No, he wasn’t kidding. And he proved it on the cross. The apostle Paul says as much in Romans 5: God concretely demonstrated his love when Jesus died for sinners, for the enemies of God.
And you can be sure that the apostle John believes this too.
GOD IS LIGHT, John declares. And anyone who claims to be in the light, who claims to know and have fellowship with God, must demonstrate it by their willing obedience to God’s commands. Specifically, they must do as Jesus said in the Upper Room. “My command is this,” he told his disciples, “Love each other as I have loved you” (John 15:12, NIV). Thus, in his letter, John says that those who love their brothers and sisters are in the light, while those who hate their brothers and sisters are still stumbling about in the darkness.
When John mentions “stumbling,” however, his Greek is a little ambiguous.
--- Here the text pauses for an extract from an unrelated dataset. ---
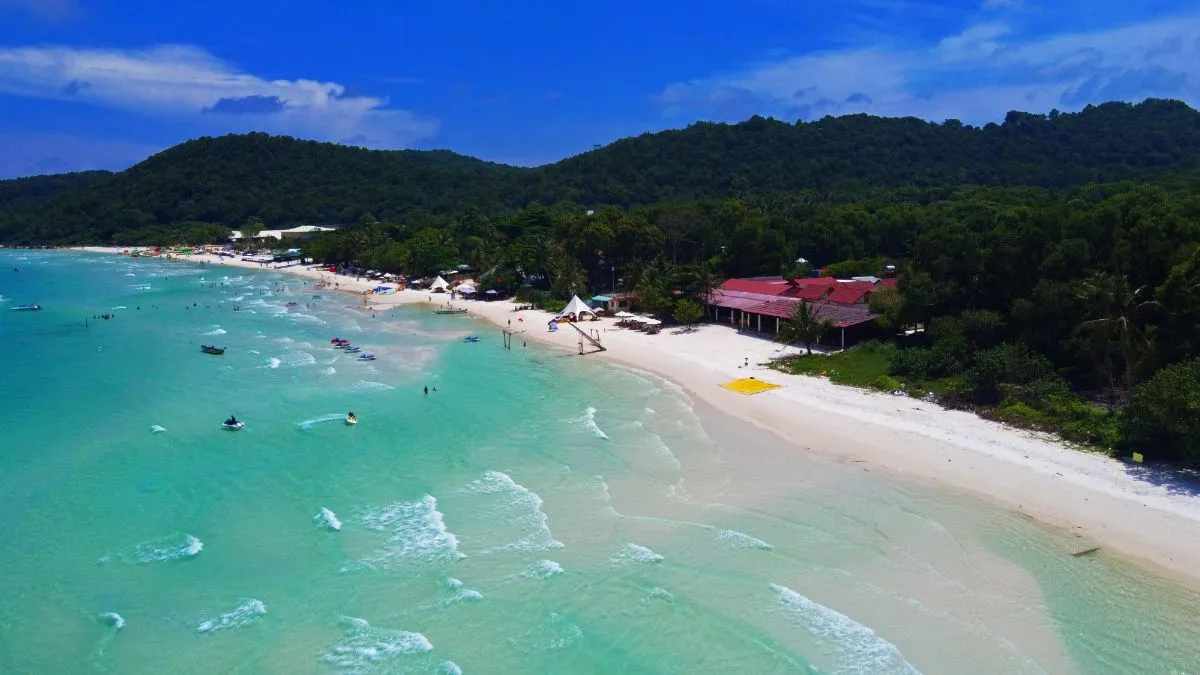 Exploring colorful coral reefs at Phu Quoc Island, Kien Giang during an island tour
You can see this in the variety of ways his words are translated into English. “Anyone who loves his brother and sister lives in the light,” he says in 1 John 2:10. Clear enough. But the sentence continues: “and there is nothing in them to make them stumble.” That’s the New International Version. More literally, he’s saying, “in him — or it — there is no cause for stumbling or offense.”
So is it “him” or “it”? The NIV goes with the former. But the Common English Bible opts for the latter: “there is nothing in the light that causes a person to stumble.”
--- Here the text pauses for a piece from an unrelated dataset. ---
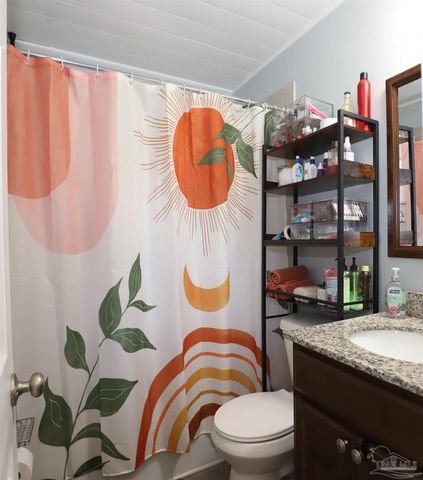 118 Shirley Dr, Gulf Breeze, FL 32561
Moreover, there’s the question of who might be in danger of stumbling. Again, the NIV reads John as saying that the person who lives in the light doesn’t stumble. Makes sense — they have the light to see where they’re going. But it’s possible to read John as meaning that people who live in the light, who love their fellow believers, don’t cause others to stumble. That’s the gist of Eugene Peterson’s paraphrase in The Message: “It’s the person who loves brother and sister who dwells in God’s light and doesn’t block the light from others.”
Does it matter? Yes. It’s one thing to say that if we walk in the light, we won’t stumble. Again, as metaphors go, that makes perfect sense. But it’s another to be reminded that if we truly love others, we won’t do anything to make them stumble — and that echoes the teaching of both Jesus and the apostle Paul.
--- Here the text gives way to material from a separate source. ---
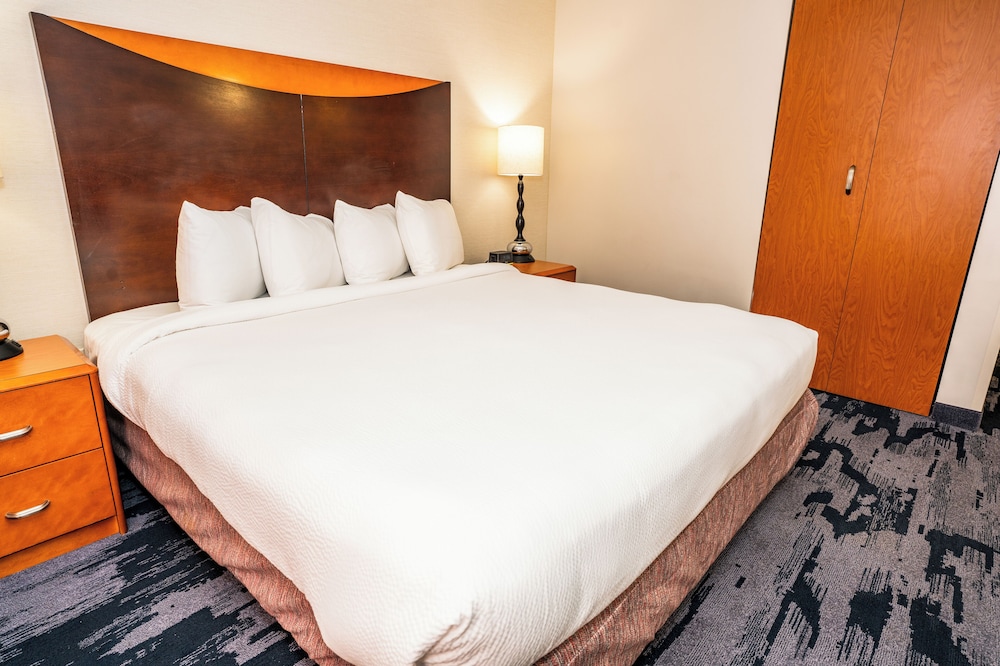 Fairfield Inn Suites San Antonio Downtown Alamo Plaza 15/50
John’s primary concern is probably that there are people in his community who are teaching strange ideas and leading others astray. But we needn’t imagine them as waking up one morning and saying to themselves, “You know what? I think I’d like to deceive some people today. Yes, that would be nice.” John portrays them as self-deceived, thinking they’re in the light when they’re actually lost in darkness.
I say all this because we as Christians have the same predilection as anyone else to read things in self-serving and other-blaming ways. When John writes, “Anyone who claims to be in the light but hates a brother or sister is still in the darkness,” we think, “That’s right, John, you tell ’em! Stop those people from stirring things up with their strange ideas.” They are the ones who need to be corrected. They are the objects of self-righteous scorn.
And all the while, we ignore how John’s words apply to us. We believe ourselves to be in the light, but hate those people, who are our brothers and sisters even if they are in error and making waves.
Wait, no, we might object. We don’t hate them; that’s too strong a word. But just as darkness is the absence of light, so too might hate be the absence of love. Typically in Scripture, “love” and “hate” are not names for discrete emotions, but orientations and attitudes. To “hate” someone doesn’t have to mean ranting and raving and wishing them harm; it can simply mean that we fail to love them.
And if we aren’t loving and compassionate toward them, if we aren’t bringing the light of love to the relationship, are we part of the reason they’re stumbling in the dark? Moreover, if we’re not loving our enemies, are we being obedient to the command of Jesus in the Sermon on the Mount? And if not, do we even get to claim that we’re in the light?
Remember: when we fail to love, even when we think we have good reason, then we may be the ones stumbling in the dark. Time to take notice, and pray for light.